Scotland: Exposed: scandal of nuclear leaks at plant

October 30, 2004

A huge area of land has been contaminated from leaks at Hunterston nuclear power station in North Ayrshire . The contamination is much worse than previously suspected, and far more than has been admitted at other nuclear sites in Scotland.

Some 81,000 cubic metres of soil – enough to fill 900 double-decker buses – are laced with radioactivity which for years has been spilling from pipelines and blowing off open-air ponds of nuclear waste.

Although the state-owned company that runs the plant insists that the contamination is “very low-level”, it poses huge clean-up problems. The government regulator, the Nuclear Installations Inspectorate, says the soil will have to be treated and disposed of as radioactive waste.

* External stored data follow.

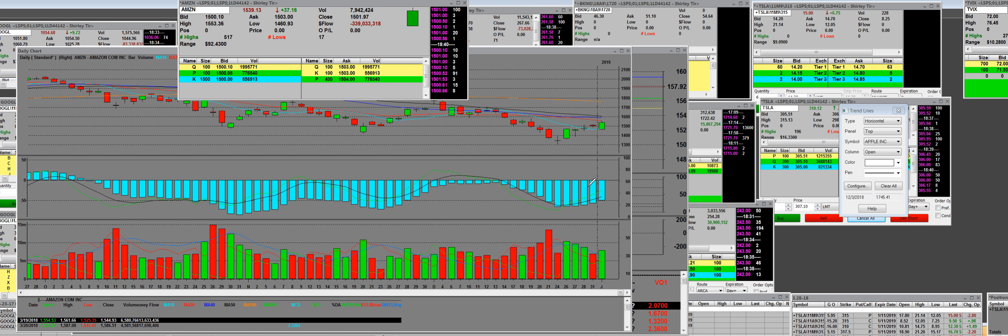Now, this is where we closed on the daily. Got above the 10-day moving average. The 20-day moving average was hitting that resistance there on this daily chart. And that 10-day moving average was, just so people know, that 10-day was 14.68.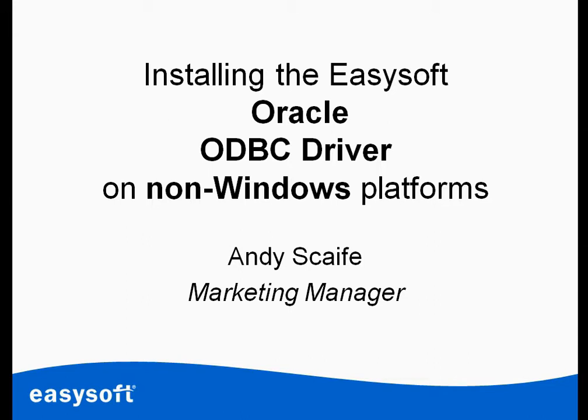Hi, it's Andy from EasySoft Limited here. Today we're going to be looking at installing the EasySoft Oracle ODBC driver onto a non-Windows platform.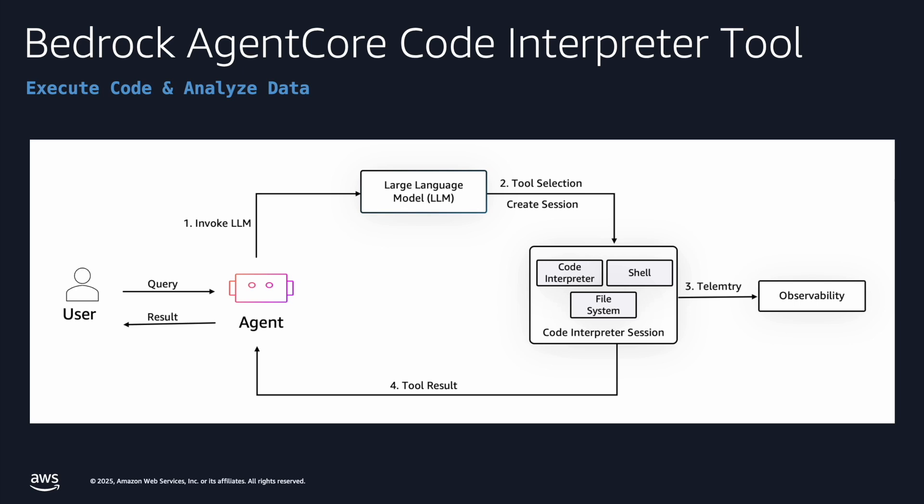This creates a controlled virtual space where agents can safely experiment, run scripts, and manipulate files without affecting the host. The architecture maintains the standard agent tool interaction pattern where execution results from sandbox are returned to the agent, enabling iterative development and refinement of solutions within the secure environment.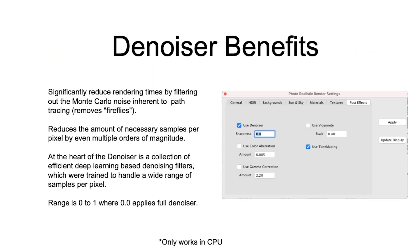The denoiser is one of five new post-processing effects located in the photorealistic render settings dialog box. This filter significantly reduces rendering times by applying advanced filtering algorithms specific to path ray tracing rendering engines.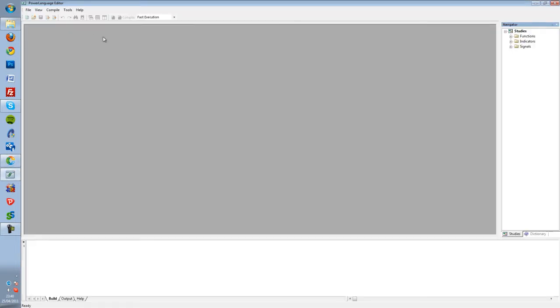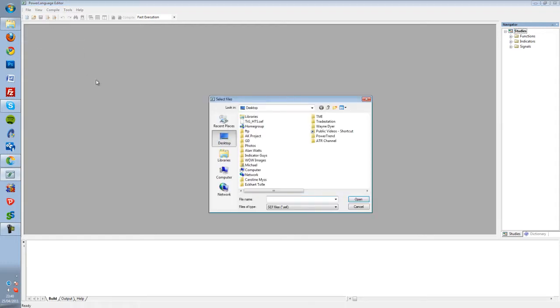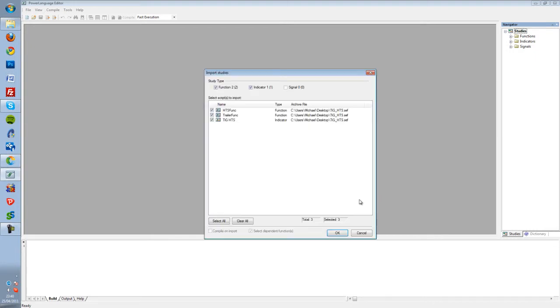Once the Power Language Editor has been opened, go to File, Import Read Only, and locate where you downloaded the .sef file. Click on this file and click Open.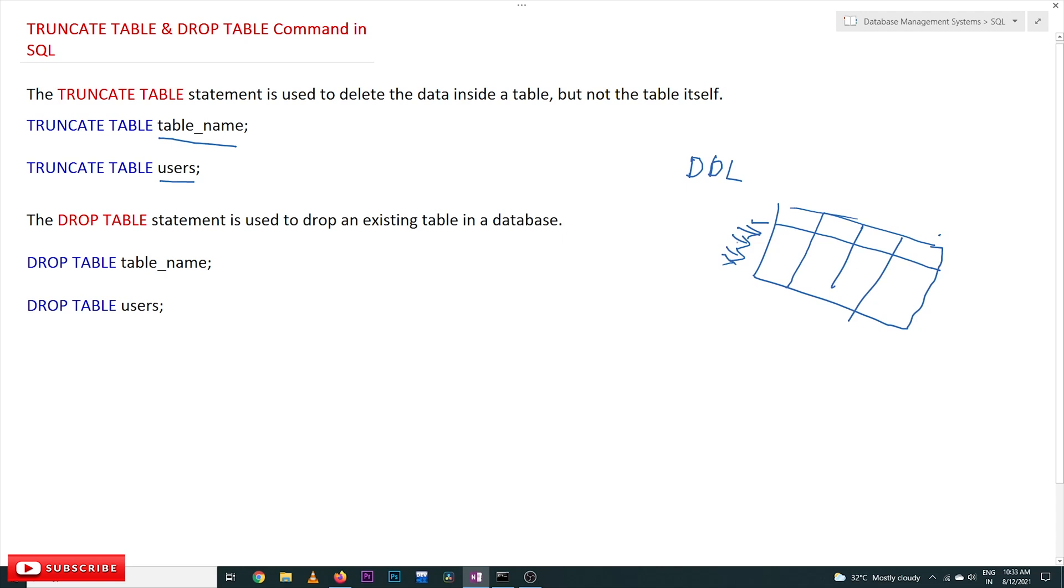The next one is DROP TABLE. The DROP TABLE statement is used to drop an existing table in the database. If you want to drop the existing table, drop in the sense means the structure of the table. If you want to delete the structure of that entire table, then the DROP TABLE command is used.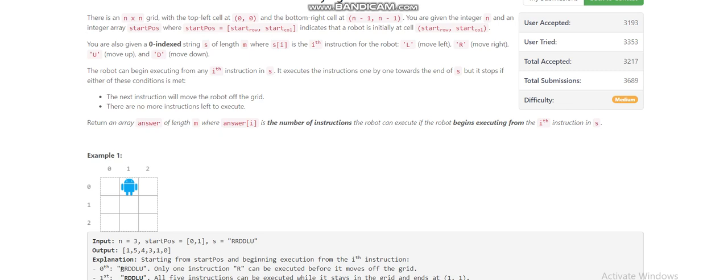This is the second question from today's LeetCode weekly contest 273. We are given a grid and a string with directions where we can move left, right, up, or down.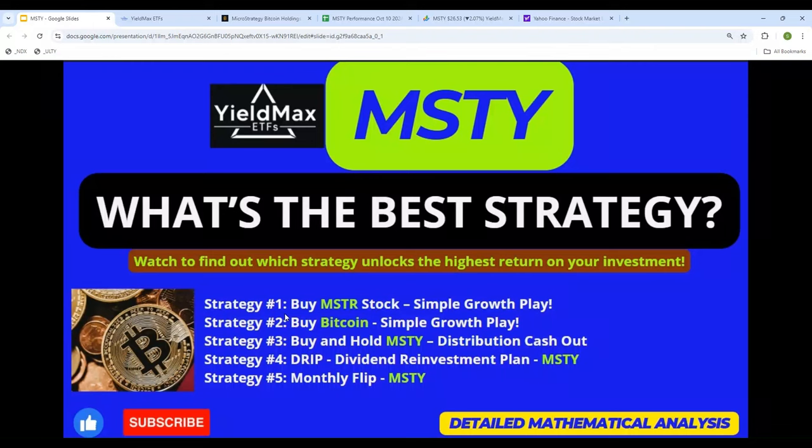Hello everyone, welcome back to the channel and thank you for tuning in. As always, my videos are all about strategy and analysis, helping you make smarter decisions with your investment. In today's video we will be taking a close look at MSTY, one of the top performing YieldMax ETFs, and we will explore different strategies and break down the numbers to see which one can get the most out of our investment in MSTY.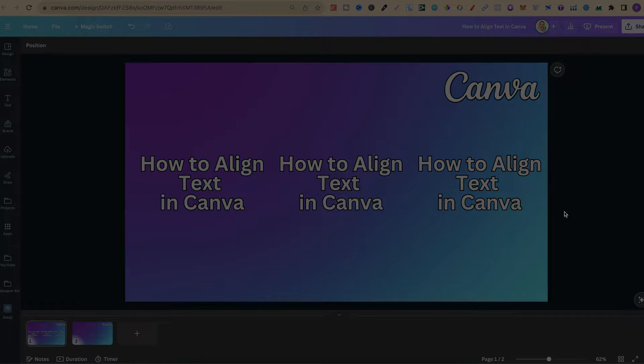Now, for more Boatsize Canva tutorials, click right here and watch this playlist.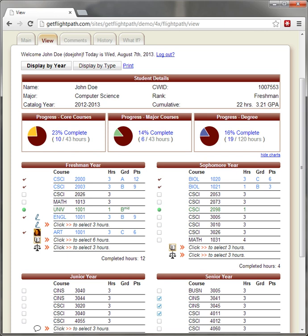Students and advisors may also try out other degrees using the what-if tool to see their courses applied to a different degree plan.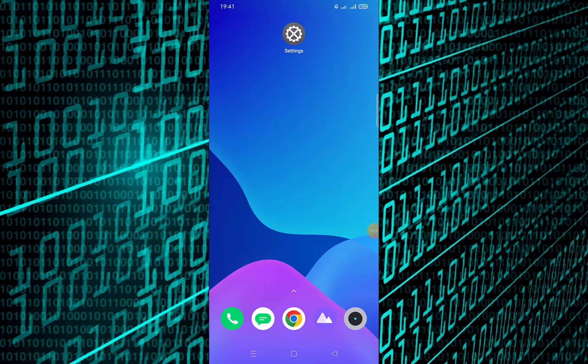Welcome to today's video. In this tutorial, I'll show you how to disable a SIM card on your Android device. Whether you're looking to troubleshoot network issues or simply want to temporarily turn off your SIM card, this quick guide will walk you through the necessary steps. Let's get started.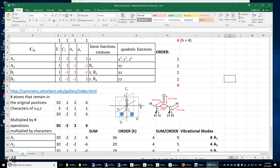In this video, I will determine the irreducible representations of the vibration modes of an acetone molecule. Looking at the acetone molecule, if I use two blue spheres to represent the two methyl groups, it's very clear to see this acetone has a C2V point group. There's a C2 principal axis, a sigma V, and a sigma V prime. We'll use the character table of the C2V point group.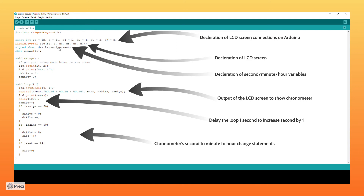Declaration of the second, minute, and hour variables are outside the void setup as mentioned. In the void loop — which is simply a loop that runs every clock cycle and never stops — we declare the LCD screen output to show a chronometer. There is a delay function that delays the loop by one second to increase the second variable by one each time the loop executes. At the end there are if statements that check whether the second and minute variables have reached 60. When seconds reach 60, seconds reset to zero and one is added to minutes. These are the chronometer second-to-minute-to-hour change statements.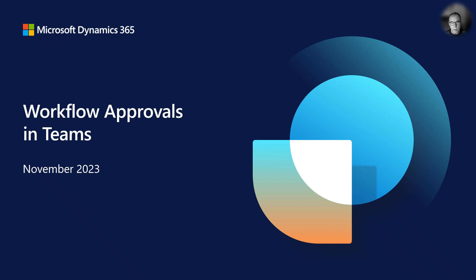In this video we look at how this can be achieved through the combination of Workflows, Business Events and Power Automate.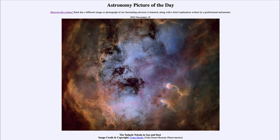This is known as the Tadpole Nebula, also known by the catalog designation IC410, and is about 12,000 light years away. It is a star-forming region where stars are currently forming. You'll note that no stars are visible in the image, and that is because they have been digitally removed just to allow us to focus on the nebula.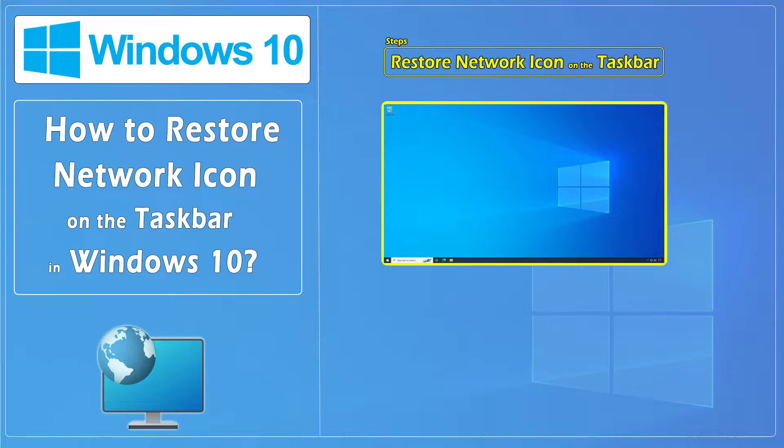Hello everybody and welcome to CNATT channel. In this video, we'll show you how to restore or show the network icon on the taskbar in Windows 10.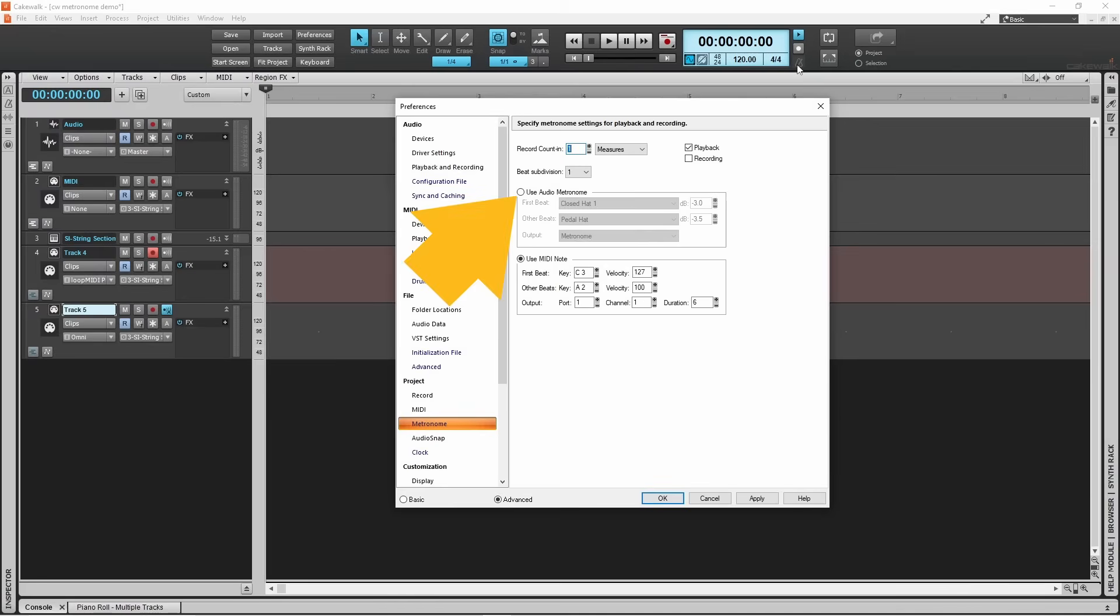To set the metronome back to the Cakewalk metronome instrument, click on the toggle button next to the words Use Audio Metronome.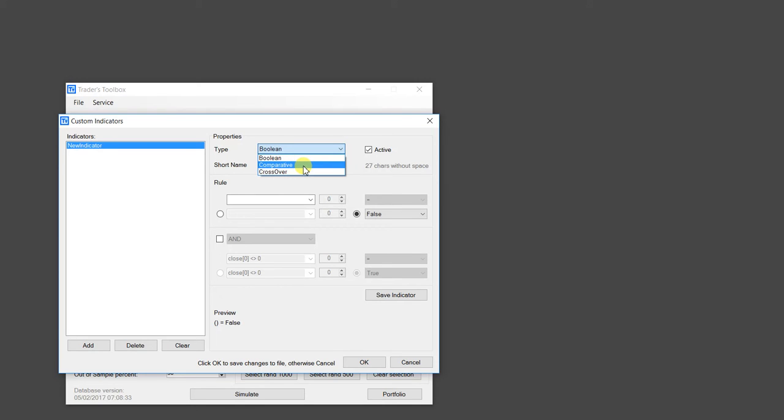Comparative is obviously you compare two things. And crossover is a crossover indicator rule. Like for example, a moving average crossover or price crosses over a significant level. We're going to do comparative.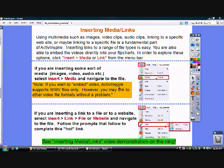Hello ladies and gentlemen, this screencast will focus on how to insert media and links with ActiveInspire software.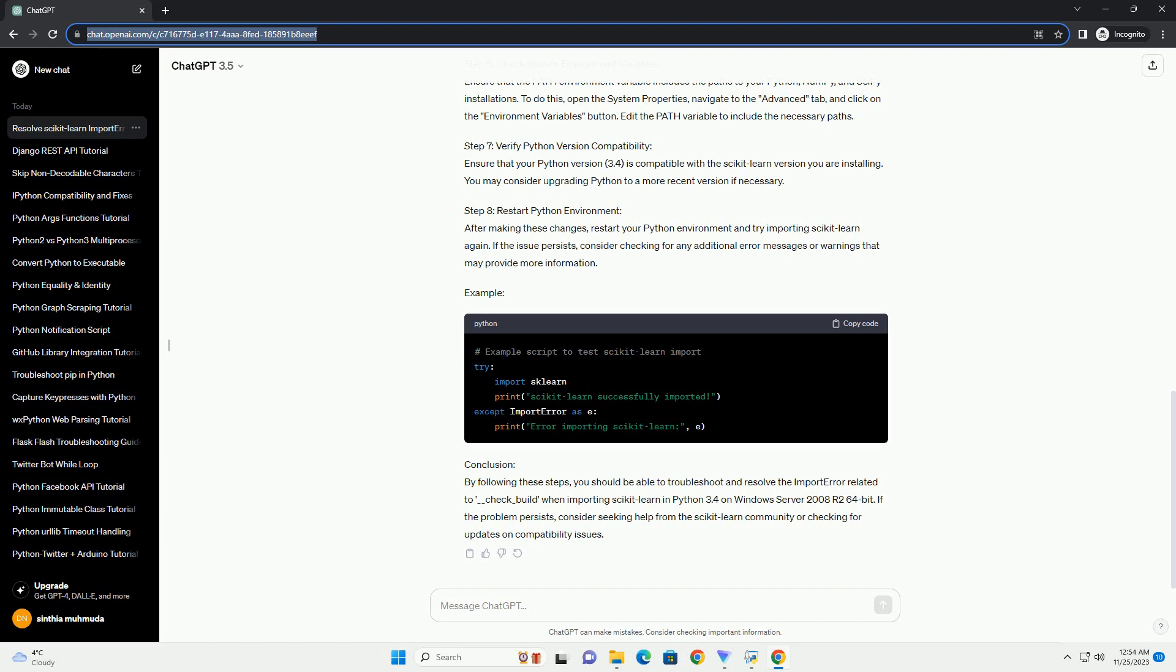Step 5: Upgrade PIP. Ensure your PIP version is up to date. Run the following command to upgrade PIP.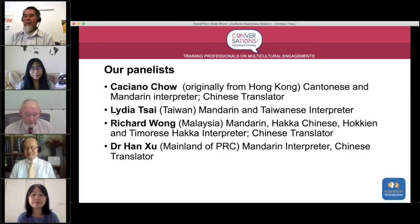And Dr. Han Xu, freshly out of her PhD from the mainland of the People's Republic of China, is a Mandarin interpreter and Chinese translator. I will get each of you to introduce yourselves — Cassiano, can we begin with you?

The contamination has been found at Hunterston A nuclear power station, which is now being decommissioned. The official published inventory of Britain’s nuclear waste estimates the total amount of unpackaged low-level radioactive waste at Hunterston A at no more than 28,860 cubic metres.

But almost three times that amount were found by the Nuclear Decommissioning Authority (NDA), the government body set up to oversee the clean-up of Britain’s nuclear plants. It said the contamination was as a result of “historic leaks”.

Pete Roche, a consultant to Greenpeace, pointed out that Hunterston A’s 81,000 cubic metres is a huge amount of waste. He said: “It dwarfs the amount of waste that we know about at most other nuclear facilities . It will be decades, at least, before the nuclear waste legacy problem is solved.”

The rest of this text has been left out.